• Task requirements:
Nothing but an exact copy is wanted here: the line with "My favorite book recs cover photo collage" and all the lines that follow it in the entries below.

::: Records provided

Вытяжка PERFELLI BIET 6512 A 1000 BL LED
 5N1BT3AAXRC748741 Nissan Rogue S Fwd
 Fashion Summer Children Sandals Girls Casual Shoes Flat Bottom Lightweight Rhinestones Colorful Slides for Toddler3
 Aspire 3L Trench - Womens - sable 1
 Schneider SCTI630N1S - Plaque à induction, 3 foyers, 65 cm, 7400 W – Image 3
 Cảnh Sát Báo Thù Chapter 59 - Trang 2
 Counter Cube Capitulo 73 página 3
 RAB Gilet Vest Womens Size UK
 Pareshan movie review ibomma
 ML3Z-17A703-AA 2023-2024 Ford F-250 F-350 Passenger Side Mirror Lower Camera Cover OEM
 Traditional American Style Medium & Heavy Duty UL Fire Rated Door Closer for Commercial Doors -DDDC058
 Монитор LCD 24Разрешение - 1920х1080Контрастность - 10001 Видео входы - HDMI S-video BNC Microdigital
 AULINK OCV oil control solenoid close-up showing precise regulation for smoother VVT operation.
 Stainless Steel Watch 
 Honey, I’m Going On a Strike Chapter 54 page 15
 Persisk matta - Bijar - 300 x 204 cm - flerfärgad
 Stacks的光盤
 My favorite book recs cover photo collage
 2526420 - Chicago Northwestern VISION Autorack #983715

::::::

• The answer:
 My favorite book recs cover photo collage
 2526420 - Chicago Northwestern VISION Autorack #983715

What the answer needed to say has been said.